The urge to gamble is so universal
and its practice so pleasurable
that I assume it must be evil.
THERE SEEMS TO BE something in human nature that likes to (a) predict the future, and (b) be rewarded when right. The destinies of individuals, peoples, and entire nations have rested on someone saying, "I think it will go this way." If this tendency is not inborn, it is ingrained early on. One of the most frequent interchanges between even young children is, "Wanna bet?" "Yeah! How much?"
The leaders of big business—who already have more than enough money to live ostentatiously for the rest of their lives—often say, "I'm in business because I enjoy it. It's a game." Part of the excitement of the game is that it's a gamble; people evaluate data, make conclusions, and place their bets. (In business, it's known as taking risks.)
Gambling is as American as 1776. Guess how the fledgling colonies raised money to pay the Continental Army and fight the revolutionary war? A lottery.
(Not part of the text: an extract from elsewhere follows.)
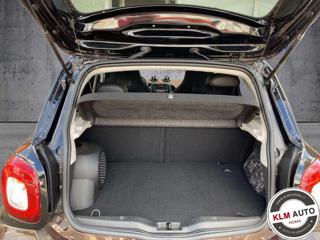 SMART ForFour usata, con Chiusura centralizzata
Gambling was perfectly legal in this country until the 1820s when, guess what? Yes, our old friends the evangelicals had their revivals and declared gambling—along with drinking, promiscuity, and all the rest—a sin against God. By 1830, most forms of gambling were outlawed. (It's a good thing for Liberty that the evangelicals held less influence in France—the French paid for the Statue of Liberty with a series of lotteries.)
The Civil War and the expansion of the West re-established legalized gambling, but by the early 1900s the evangelicals held sway again and, as they were doing with alcohol, re-established the prohibitions on gambling. (By 1910, even Nevada had outlawed it.)

The gambling known as business
looks with austere disfavor upon
the business known as gambling.
Today, we see increasing acceptance of gambling. The fund-raising through raffles, Bingo, and even Las Vegas Nights keeps many churches from openly opposing gambling, and the government can hardly call gambling a social menace: most states run lotteries. (Having the full force of criminal law enforcement to eliminate competition makes gambling not just a monopoly, but a monopoly at gunpoint.)
The major objection people seem to have to gambling these days is not so much that it's wrong, but that their towns would start looking like Las Vegas: gaudy casinos, ostrich plumes, Wayne Newton, and red velour everywhere. People don't fear gambling; they fear bad taste.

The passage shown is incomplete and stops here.